DESCRIPTION OF THE TASK –
The answer should consist of each line below that contains the word "Leather".

(Beginning of DATA SUPPLIED)

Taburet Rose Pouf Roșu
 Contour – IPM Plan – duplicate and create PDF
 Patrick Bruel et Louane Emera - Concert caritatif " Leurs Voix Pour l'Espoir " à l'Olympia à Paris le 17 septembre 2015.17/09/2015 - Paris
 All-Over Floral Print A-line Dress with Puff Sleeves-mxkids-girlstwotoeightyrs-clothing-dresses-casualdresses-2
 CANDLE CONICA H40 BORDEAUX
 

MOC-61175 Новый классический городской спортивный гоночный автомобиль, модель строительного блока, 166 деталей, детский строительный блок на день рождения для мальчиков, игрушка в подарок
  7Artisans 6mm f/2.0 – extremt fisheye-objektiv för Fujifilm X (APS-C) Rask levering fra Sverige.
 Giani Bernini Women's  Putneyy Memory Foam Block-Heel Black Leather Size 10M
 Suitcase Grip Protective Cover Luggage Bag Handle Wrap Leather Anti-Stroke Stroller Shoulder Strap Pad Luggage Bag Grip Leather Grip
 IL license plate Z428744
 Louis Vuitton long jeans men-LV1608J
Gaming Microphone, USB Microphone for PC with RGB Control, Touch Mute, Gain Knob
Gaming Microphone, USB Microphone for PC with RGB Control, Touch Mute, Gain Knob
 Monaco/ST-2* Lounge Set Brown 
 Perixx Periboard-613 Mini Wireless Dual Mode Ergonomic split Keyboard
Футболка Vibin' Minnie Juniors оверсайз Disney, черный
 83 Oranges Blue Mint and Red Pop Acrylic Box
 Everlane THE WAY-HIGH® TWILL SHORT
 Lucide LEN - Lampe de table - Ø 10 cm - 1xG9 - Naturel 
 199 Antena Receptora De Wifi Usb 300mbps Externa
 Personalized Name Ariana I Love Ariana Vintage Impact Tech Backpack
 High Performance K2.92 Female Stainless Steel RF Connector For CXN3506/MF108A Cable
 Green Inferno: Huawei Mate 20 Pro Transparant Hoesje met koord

(End of DATA SUPPLIED)

ANSWER –
 Giani Bernini Women's  Putneyy Memory Foam Block-Heel Black Leather Size 10M
 Suitcase Grip Protective Cover Luggage Bag Handle Wrap Leather Anti-Stroke Stroller Shoulder Strap Pad Luggage Bag Grip Leather Grip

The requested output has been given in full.